## RECORDS SUPPLIED
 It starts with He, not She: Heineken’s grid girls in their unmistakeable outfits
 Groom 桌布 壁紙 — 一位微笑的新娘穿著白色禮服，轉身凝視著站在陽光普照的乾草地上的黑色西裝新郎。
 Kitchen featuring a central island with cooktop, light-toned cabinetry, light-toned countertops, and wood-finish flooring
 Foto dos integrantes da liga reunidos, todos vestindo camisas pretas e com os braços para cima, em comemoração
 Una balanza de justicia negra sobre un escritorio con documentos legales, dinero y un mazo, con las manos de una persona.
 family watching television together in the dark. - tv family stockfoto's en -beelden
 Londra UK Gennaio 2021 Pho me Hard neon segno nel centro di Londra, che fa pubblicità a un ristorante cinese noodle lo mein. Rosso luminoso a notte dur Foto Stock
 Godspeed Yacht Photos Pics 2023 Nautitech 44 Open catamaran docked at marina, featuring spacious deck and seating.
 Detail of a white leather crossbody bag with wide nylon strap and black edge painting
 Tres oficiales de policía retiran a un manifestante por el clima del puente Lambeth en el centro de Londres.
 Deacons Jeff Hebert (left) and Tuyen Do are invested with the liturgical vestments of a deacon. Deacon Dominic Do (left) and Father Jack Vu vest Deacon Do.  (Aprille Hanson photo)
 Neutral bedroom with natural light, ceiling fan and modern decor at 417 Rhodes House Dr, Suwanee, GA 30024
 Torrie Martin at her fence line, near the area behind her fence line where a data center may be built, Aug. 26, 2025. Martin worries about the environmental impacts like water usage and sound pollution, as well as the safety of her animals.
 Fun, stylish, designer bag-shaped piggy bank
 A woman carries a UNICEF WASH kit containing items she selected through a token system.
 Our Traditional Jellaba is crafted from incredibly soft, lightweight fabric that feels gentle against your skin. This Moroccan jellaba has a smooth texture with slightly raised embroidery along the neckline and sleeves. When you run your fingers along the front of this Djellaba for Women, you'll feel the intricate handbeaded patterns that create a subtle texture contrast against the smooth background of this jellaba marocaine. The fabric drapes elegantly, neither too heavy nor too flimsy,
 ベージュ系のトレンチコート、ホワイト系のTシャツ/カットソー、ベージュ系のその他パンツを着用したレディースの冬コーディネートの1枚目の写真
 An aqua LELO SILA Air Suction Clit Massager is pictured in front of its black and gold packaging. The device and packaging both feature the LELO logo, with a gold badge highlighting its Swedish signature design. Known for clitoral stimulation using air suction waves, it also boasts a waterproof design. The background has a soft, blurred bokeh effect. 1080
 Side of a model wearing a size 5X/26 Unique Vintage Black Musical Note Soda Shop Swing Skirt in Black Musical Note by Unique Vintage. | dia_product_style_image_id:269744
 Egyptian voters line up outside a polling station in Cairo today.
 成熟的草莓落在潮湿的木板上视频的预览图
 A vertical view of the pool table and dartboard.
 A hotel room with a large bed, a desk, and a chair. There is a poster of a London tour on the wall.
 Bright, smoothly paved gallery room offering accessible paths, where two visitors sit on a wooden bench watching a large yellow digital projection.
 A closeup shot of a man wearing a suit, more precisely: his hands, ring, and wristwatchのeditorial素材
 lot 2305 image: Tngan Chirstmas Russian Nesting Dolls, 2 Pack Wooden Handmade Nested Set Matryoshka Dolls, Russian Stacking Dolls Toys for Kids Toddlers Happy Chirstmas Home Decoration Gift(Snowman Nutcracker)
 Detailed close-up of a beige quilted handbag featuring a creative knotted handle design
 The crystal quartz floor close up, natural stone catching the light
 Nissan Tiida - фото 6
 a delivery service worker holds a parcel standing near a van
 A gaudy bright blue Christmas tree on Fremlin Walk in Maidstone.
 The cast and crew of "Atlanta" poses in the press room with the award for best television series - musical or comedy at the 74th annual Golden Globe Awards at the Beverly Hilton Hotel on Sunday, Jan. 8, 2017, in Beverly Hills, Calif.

## WHAT YOU HAVE TO DO
In the data above, find the line with "A vertical view" and the line with "lot 2305 image: Tngan". Retype both, plus every line between them, exactly.

## COMPLETED TASK
 A vertical view of the pool table and dartboard.
 A hotel room with a large bed, a desk, and a chair. There is a poster of a London tour on the wall.
 Bright, smoothly paved gallery room offering accessible paths, where two visitors sit on a wooden bench watching a large yellow digital projection.
 A closeup shot of a man wearing a suit, more precisely: his hands, ring, and wristwatchのeditorial素材
 lot 2305 image: Tngan Chirstmas Russian Nesting Dolls, 2 Pack Wooden Handmade Nested Set Matryoshka Dolls, Russian Stacking Dolls Toys for Kids Toddlers Happy Chirstmas Home Decoration Gift(Snowman Nutcracker)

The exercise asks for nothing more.